Il film diretto da Thea Sharrock risulta, però, imperfetto fin dalla struttura: ogni avvenimento avviene in maniera schematica, ma più di una volta dialoghi, inquadrature e scelte di regia finiscono per ribaltare il punto di vista e spesso molti elementi del racconto pare siano sconnessi tra loro. Le note più positive restano i due protagonisti: da un lato Bill Nighy, un attore di lunga data che dimostra la sua intramontabile stoffa anche in una pellicola considerabile minore della sua immensa filmografia, mentre dall’altro Michael Ward, un giovane in rampa di lancio fresco vincitore lo scorso anno del BAFTA alla miglior stella emergente. Fanno parte del resto del cast anche Susan Wokoma, Callum Scott Howells, Kit Young, Tom Vaughan-Lawlor, Cristina Rodlo e Valeria Golino.
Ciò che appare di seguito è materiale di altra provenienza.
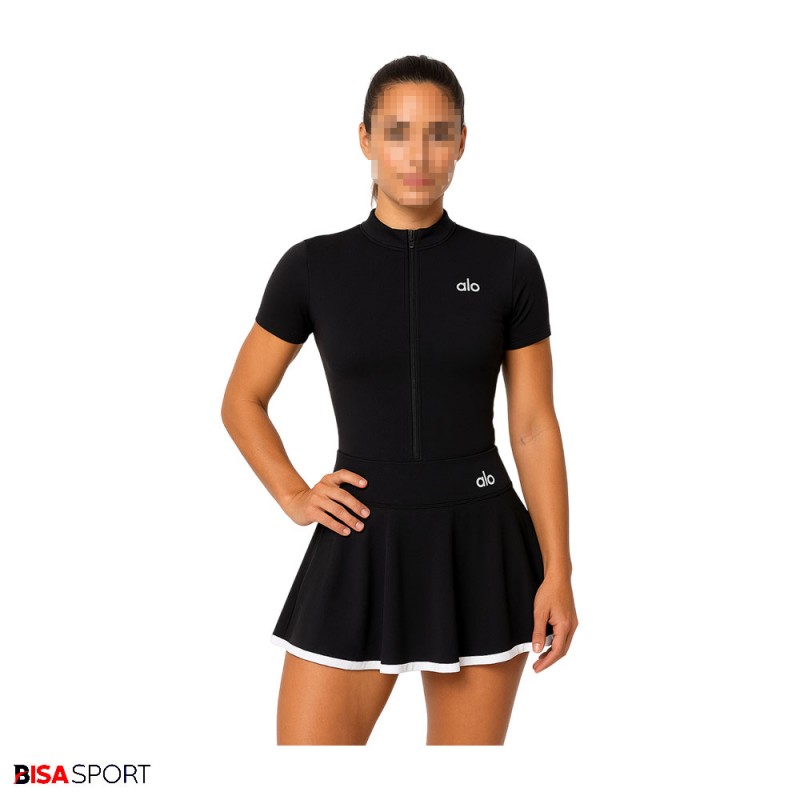 ست بادی و دامن ورزشی زنانه مدل 24677 مشکی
Una storia tra sport e solidarietà
Insomma, “The Beautiful Game” resta una storia che mescola sport ed un messaggio di solidarietà di fondo dall’animo scontato e pressoché banale, nonostante un finale che riesce quantomeno a restituire una piccola vetrina per una manifestazione di grandissimo valore sportivo ed umano. Questo, però, non basta ed il film finisce per risultare un susseguirsi di scelte sbagliate, proprio come quelle che finiscono per intraprendere i vari protagonisti, prima di trovarsi di fronte a loro stessi e rimettersi nuovamente in gioco. La pellicola resta un breve viaggio, inizialmente intrigante, che tenta di proporre sullo schermo un’insieme di storie originale, ma purtroppo all’interno di un grande calderone dove al suo interno retorica e stereotipi la fanno da padrone.
“The Beautiful Game” sarà disponibile dal 29 marzo 2024 su Netflix e, nonostante i tanti difetti, resta un’occasione unica di scoprire questa solidale e bellissima competizione sportiva mondiale. Nel suo riprendere i luoghi più conosciuti della capitale italiana, dove si svolge gran parte della storia, il film funge da vera e propria cartolina per la Homeless World Cup, ma è evidente che non basta il giusto spirito e delle ottime intenzioni per realizzare un buon film che non punti solo sulla lacrima facile. Dietro quello che viene raccontato c’è molto di più, solo che per una scelta alla base del progetto non viene mai affrontato sul serio, limitandosi a confezionare un favola dalla poca sostanza, a differenza del profondo quanto emozionante messaggio di fondo.